Like the article on web design, the topic of search engine optimisation (SEO) shouldn't necessarily be covered when the focus of this site are the more technical aspects of web hosting. However, the fact is that everyone talks about search engines as if they are some magical key to instant wealth through your website.

Let's get one thing straight right off the top: With certain exceptions, your website does not necessarily exist to make you money any more than your telephone exists to make you money. Did you get that? When you move your business into new premises, do you think twice about spending money on connection charges for your telephone system, buying the telephones, and paying the monthly fees to keep the telephones working? Do you figure out the return on investment in your telephone system based on how much money you make from each phone call made or received? No! You just get the damn phones because they are necessary to do business and communicate with your customers. Well, your website is no different; it is necessary to do business and communicate with your customers, even if your website doesn't actually "do business". Like the phones, it's part of your overhead that's required to be in business.

Now, let's evaluate the assertion above more closely before we address the topic of search engine optimisation. If your website is nothing more than an online brochure (and that's the fundamental and a perfectly legitimate purpose of a website), then you are not going to make any money directly from your website because your website does not exist to make money. Depending on your business, it may cause you to make money indirectly by contributing positively to your overall image, but at the end of the year you are not going to be able to sit down and say, "I spent $x on hosting this year and I brought in $y through my website, so I am in the black/red as a result."

However, if you're in the business of selling widgets, and you can just as easily sell widgets to someone in Timbuktu and ship them there as you can sell them to people over the counter in your shop, then you are most likely going to want to set up a website that allows people to order your widgets without coming into your shop. Creating such a website will cost more (in time and/or money) than the simple online brochure described above, and so you rightly get into a cost/benefit analysis. However, still, because this is a secondary revenue stream, your focus should be on your primary business and as long as your website brings in more opportunistic revenue than it costs to operate, then it's doing its job. If not, it's an easy decision to downgrade it to a simple brochure site, the expense of which simply becomes part of your overhead.

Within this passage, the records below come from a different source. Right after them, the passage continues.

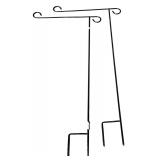 Yard Flag Stakes and Decor Lights Stakes Bundle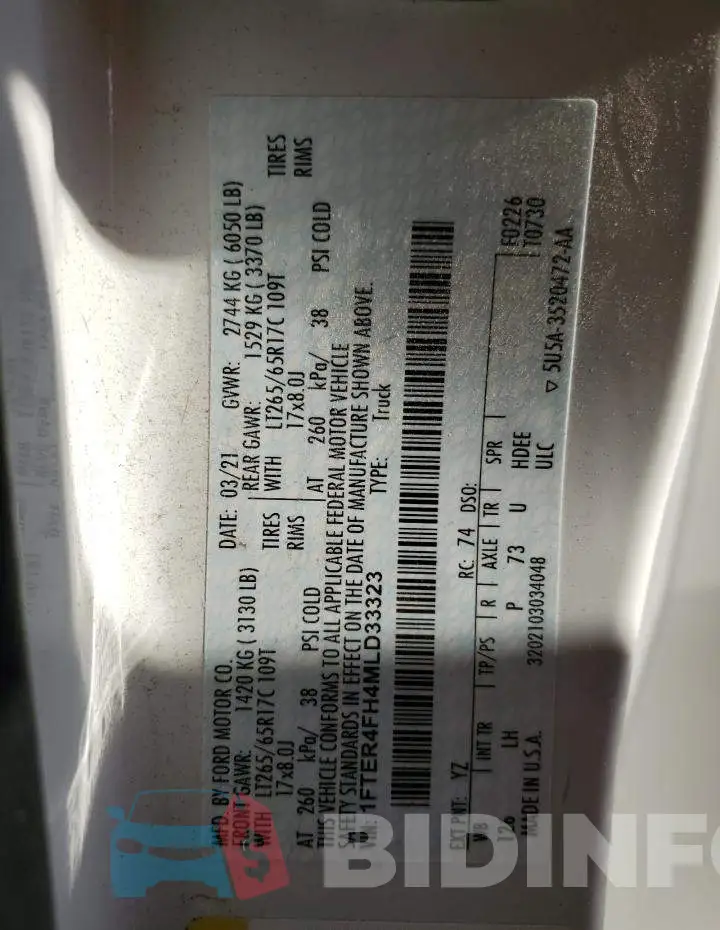 1FTER4FH4MLD33323 Photo# 12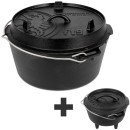 Petromax ft9-t Dutch Oven Guss Feuertopf + Gratis Zugabe...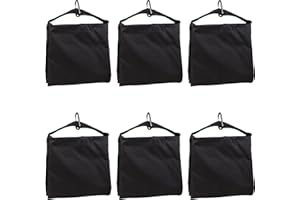 Goshoot 6Pcs Heavy Duty Sandbag C Stand Sand Bags Weight Bag Empty for Light Stand Tripod Photo Studio Boom Arm Photography Equipment Video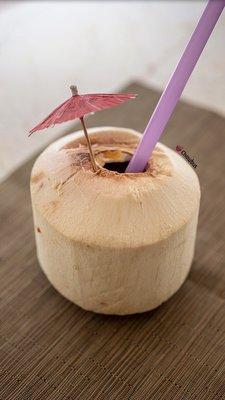 Fresh coconut drink!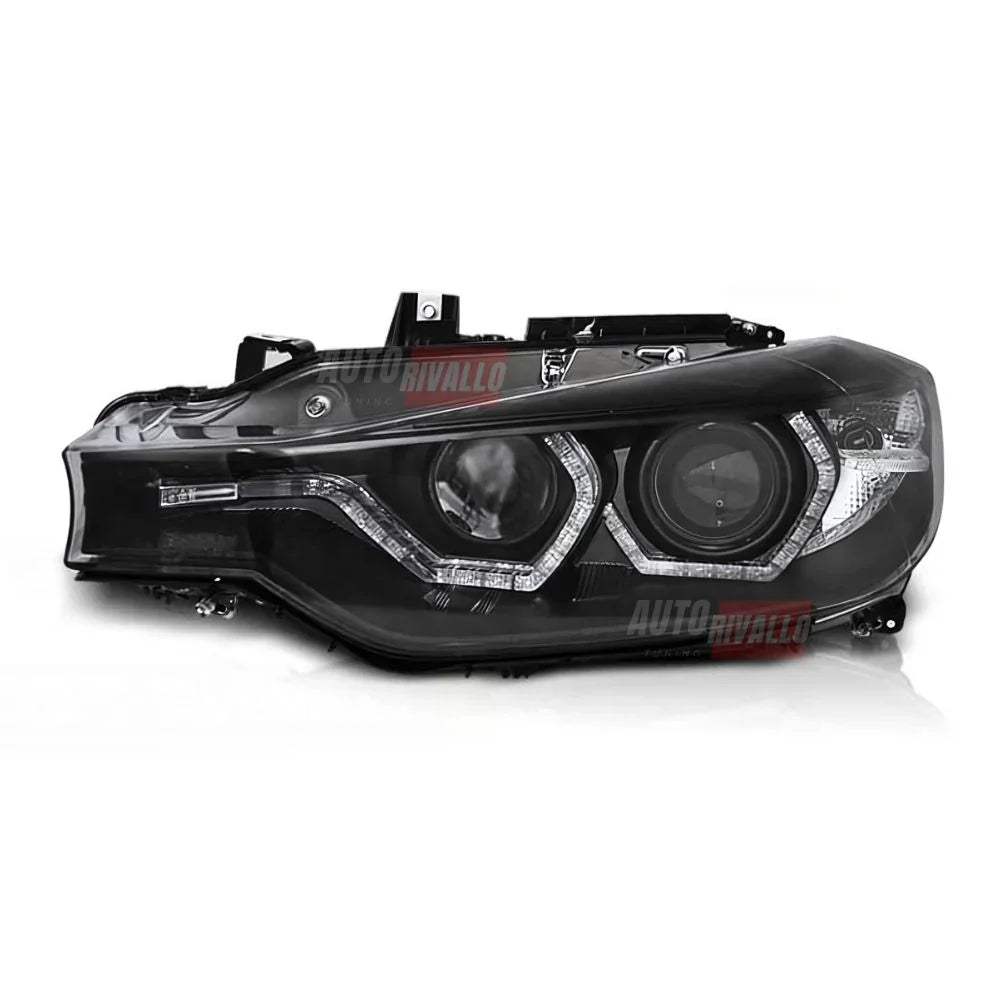 BMW Serie 3 F30 F31 2011-2015 Fari Anteriori LED Angel Eyes - autorivallo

Where you really need to focus on search engine optimisation is if the business your company does online is the only business it does. If that's the case (and assuming you have an intelligent and workable business plan) then part of your job will be to ensure that the legions of online shoppers find your online store before they find those of your competitors, because you're not doing any business based on physical location and a sign on the street, and search engine optimisation is one part (not the only part) of that process. In a sense, good placement in the search engines is akin to good physical placement of a store that requires walk-in business, and so it is something you need to pay attention to.

Let's look at those three situations again from the point of view of search engine optimisation. First, if your site is just an online brochure for a business that trades only with a local customer base, then people are probably going to find and look at your website in one of two ways: 1) You're going to give them the address yourself, or 2) They're going to search for you using some key words that they assume will yield results that include only your site, or perhaps your website and other sites that refer specifically to your website or business. In the second case they are looking specifically for your site, not just for any site in your industry, and that's important to note. So, if you sell widgets, and your company name is Bob's Widgets and you're located in a place called Sometown, then the person looking for your site is going to enter something like "bobs widgets sometown" into the search field of a search engine. How many companies named Bob's Widgets are there in Sometown? Probably only one. How many results do you think there will be for that search? Well, there could be more than one, especially if people are writing about you on other websites (or you are participating on other websites under your company name), but the chances are that your website will be the first hit. There's no search engine optimisation needed there. In fact, you can compare that to someone looking up your phone number in the White Pages; they know your company name, but can't remember your phone number, so they just look you up. You don't need an expensive advertisement (akin to search engine optimisation in this example) to get their attention.

In the second and third scenarios, on the other hand, you probably do want an advertisement in the Yellow Pages. How big an advertisement depends on how much you rely on the Yellow Pages for your business and how much business the Yellow Pages bring in. Similarly, how much you rely on "walk-in" business on the Internet will depend on how much time and money you spend on search engine optimisation.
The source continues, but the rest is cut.